Despite the lesson of the Stuxnet virus, it is easy to get a malicious piece of code inside most industrial plants, says a system integrator who should know.
Despite the fact that the Stuxnet virus made headlines when it attacked programmable logic controllers running Iran's nuclear centrifuges, a similar attack on industrial facilities in the U.S. would be remarkably easy to pull off.
That was the take-away I got from a session during an event called the Big M, organized by the Society of Manufacturing Engineers. The cyber security panel included Bruce Billedeaux, a senior consultant at Maverick Technologies. Maverick is a systems integrator that does a lot of industrial control work. Billedeaux remarked that though there's more sensitivity to cyber security issues today, it would still be relatively easy to compromise computer-controlled equipment in most industrial plants. "I have never been asked about the contents of the computer I bring into a plant," he said. Ditto for the USB sticks he occasionally brings in. That's worrying because once the bad guys have gotten behind a plant's firewall, they can exploit the firewall to do a lot of damage, he says.
It seems that third-party support of plant-floor equipment has been a blind spot for a lot of industrial cyber security efforts. "There is almost no outbound protection for industrial equipment in a lot of cases," Billedeaux said. "No one has validated the person on the other end of the line. If you have a VPN coming into the plant, most facilities have no idea whether the remote machine has been compromised or not."
And here is a scenario he outlined that, I noticed, had several audience members shifting in their chairs uncomfortably: Suppose it is late at night and you are trying to get a line up and running quickly because downtime costs thousands of dollars a minute.
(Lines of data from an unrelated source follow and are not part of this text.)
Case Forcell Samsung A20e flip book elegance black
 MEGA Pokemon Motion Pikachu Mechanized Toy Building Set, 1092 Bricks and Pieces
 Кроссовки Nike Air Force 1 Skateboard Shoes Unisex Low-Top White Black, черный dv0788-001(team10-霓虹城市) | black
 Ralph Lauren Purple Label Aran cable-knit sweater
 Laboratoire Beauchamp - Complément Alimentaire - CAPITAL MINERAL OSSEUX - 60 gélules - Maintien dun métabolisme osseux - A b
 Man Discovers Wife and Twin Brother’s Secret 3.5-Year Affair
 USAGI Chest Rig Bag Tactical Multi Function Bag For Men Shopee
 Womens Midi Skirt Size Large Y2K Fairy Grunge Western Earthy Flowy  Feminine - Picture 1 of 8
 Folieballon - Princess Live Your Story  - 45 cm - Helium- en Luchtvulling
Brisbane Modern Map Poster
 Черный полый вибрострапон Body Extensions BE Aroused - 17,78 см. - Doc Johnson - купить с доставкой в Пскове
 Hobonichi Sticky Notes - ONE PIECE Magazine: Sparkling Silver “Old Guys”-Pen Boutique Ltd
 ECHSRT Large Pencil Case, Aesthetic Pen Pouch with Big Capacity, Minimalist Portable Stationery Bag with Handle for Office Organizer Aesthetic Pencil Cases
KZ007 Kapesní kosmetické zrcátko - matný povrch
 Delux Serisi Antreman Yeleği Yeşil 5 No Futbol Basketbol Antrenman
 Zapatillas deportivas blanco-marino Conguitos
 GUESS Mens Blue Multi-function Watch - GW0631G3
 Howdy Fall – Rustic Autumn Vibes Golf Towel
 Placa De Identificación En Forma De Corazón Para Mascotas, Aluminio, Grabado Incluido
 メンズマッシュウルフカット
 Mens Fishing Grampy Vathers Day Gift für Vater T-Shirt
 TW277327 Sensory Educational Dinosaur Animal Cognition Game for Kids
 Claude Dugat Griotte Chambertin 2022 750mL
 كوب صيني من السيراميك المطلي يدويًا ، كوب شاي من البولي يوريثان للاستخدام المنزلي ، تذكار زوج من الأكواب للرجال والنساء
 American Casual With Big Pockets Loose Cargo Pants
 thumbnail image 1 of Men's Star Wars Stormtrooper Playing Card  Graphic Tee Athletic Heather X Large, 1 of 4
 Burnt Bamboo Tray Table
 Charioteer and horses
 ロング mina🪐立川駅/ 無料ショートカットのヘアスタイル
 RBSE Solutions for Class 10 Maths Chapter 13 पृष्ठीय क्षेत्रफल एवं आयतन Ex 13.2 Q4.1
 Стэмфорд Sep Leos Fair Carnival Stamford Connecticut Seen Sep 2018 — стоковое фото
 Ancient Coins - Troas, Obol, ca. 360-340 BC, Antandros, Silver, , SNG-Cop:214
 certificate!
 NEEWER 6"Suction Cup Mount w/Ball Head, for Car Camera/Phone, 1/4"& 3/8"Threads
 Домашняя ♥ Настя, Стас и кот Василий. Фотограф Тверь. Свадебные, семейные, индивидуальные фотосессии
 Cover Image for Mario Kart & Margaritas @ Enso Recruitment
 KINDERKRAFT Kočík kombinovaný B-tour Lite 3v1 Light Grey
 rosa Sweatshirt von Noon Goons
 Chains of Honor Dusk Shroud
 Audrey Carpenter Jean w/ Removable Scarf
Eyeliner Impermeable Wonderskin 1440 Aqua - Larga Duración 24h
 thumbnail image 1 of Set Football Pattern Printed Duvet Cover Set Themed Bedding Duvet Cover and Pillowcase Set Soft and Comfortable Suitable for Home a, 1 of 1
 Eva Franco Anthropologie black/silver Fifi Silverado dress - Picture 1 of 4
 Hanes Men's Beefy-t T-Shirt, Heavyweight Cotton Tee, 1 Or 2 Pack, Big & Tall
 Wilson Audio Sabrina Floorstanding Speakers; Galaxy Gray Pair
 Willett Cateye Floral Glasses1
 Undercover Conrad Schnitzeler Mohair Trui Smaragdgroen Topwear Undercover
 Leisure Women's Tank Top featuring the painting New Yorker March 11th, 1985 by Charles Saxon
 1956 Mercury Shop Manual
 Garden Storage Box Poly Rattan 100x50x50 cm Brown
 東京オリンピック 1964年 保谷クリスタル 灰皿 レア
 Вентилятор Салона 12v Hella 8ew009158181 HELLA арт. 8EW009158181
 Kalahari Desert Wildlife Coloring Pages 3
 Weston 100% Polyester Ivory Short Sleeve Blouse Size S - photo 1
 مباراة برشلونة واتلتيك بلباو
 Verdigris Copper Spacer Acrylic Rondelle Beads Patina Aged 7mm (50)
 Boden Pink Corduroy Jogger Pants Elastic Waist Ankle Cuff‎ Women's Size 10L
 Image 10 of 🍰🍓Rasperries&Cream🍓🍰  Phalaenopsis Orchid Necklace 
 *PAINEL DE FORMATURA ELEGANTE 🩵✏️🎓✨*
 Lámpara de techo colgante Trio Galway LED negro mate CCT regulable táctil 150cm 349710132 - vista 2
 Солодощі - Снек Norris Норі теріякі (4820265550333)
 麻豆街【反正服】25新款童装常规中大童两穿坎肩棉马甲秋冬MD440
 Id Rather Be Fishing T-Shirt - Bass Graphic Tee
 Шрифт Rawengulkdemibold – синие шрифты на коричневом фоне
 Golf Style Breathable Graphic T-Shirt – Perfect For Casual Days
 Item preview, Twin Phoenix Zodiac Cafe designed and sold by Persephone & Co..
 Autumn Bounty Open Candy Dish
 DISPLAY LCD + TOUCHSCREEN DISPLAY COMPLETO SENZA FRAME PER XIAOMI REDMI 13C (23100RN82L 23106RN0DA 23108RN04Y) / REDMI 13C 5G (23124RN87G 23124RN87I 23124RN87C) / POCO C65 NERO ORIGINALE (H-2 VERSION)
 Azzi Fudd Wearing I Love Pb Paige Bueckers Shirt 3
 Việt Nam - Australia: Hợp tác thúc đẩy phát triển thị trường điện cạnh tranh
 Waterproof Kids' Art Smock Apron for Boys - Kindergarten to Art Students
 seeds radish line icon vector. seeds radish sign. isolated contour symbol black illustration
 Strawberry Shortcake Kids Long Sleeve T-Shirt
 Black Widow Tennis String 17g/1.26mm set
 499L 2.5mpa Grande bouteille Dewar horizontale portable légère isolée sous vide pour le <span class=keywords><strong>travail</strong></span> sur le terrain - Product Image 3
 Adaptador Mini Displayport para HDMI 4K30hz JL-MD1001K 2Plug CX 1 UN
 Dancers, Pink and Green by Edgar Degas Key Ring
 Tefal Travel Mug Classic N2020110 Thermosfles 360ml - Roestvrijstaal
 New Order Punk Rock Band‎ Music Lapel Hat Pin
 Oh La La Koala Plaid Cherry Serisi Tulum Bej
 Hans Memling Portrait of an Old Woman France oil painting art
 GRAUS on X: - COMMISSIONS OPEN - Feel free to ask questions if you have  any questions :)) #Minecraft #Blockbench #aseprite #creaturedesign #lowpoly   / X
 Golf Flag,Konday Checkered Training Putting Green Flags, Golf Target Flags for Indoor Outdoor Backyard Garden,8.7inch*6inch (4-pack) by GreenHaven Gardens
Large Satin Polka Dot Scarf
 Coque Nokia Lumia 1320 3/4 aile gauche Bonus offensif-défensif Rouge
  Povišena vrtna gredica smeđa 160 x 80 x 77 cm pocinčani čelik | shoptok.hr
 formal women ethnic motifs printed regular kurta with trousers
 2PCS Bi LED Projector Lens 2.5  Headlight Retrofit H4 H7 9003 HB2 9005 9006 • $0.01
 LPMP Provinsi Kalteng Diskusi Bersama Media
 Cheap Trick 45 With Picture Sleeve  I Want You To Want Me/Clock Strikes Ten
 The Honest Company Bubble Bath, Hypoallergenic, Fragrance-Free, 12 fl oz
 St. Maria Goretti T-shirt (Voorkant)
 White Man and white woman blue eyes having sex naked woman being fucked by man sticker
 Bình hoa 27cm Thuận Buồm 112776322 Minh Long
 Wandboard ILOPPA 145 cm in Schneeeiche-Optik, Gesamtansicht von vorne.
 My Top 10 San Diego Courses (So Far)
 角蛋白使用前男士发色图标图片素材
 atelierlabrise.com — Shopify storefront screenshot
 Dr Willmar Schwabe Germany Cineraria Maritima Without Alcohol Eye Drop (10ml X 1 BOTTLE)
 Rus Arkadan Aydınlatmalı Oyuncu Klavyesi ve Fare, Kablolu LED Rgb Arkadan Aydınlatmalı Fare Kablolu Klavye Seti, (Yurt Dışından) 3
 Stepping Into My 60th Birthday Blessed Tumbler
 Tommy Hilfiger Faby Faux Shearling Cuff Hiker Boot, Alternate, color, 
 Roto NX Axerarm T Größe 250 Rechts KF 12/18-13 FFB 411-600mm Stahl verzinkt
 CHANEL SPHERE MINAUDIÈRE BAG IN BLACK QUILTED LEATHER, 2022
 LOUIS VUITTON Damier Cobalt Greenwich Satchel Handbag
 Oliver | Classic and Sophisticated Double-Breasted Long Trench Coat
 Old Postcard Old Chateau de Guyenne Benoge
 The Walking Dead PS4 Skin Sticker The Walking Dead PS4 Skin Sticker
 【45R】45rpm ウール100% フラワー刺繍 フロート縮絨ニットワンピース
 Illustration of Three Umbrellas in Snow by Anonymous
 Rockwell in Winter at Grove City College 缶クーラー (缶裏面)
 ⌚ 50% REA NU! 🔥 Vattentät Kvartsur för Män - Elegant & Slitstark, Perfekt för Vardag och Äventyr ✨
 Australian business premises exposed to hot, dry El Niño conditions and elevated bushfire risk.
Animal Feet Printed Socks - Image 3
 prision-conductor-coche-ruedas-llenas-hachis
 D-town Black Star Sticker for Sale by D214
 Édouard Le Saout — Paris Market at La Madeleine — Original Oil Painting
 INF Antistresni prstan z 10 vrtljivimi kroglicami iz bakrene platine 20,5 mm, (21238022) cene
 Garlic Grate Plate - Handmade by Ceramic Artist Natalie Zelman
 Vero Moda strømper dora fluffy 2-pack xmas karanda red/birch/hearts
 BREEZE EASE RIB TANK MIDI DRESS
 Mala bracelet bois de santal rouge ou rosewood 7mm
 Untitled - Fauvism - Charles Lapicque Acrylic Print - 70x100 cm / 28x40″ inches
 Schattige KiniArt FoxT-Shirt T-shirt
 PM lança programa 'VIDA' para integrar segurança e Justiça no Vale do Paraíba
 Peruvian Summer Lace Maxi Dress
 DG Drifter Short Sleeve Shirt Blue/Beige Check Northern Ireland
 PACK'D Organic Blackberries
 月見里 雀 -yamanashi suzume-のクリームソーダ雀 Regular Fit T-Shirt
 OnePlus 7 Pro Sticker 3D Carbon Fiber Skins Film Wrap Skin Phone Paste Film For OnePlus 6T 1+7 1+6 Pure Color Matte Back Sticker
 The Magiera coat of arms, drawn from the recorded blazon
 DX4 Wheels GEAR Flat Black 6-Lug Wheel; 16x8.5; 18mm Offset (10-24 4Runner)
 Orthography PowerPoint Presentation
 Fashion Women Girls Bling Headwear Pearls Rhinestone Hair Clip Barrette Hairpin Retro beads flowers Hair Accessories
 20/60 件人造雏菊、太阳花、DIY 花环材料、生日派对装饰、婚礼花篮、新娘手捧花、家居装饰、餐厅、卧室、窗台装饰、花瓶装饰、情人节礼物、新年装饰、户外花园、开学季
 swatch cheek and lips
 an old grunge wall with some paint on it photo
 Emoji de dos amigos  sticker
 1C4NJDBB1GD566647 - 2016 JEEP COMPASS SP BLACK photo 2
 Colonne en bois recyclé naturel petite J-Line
But you are missing a critical piece of driver software and the manufacture's web site is down, so you can't download it. You start searching. You eventually find the driver somewhere else. But if the site with the driver sits is a domain that looks something like ***.ru, are you still going to download that driver? And in the heat of the moment, will you take time to scan it first?
Billedeaux's message was that manufacturers have to plan ahead to avoid sticky situations like this.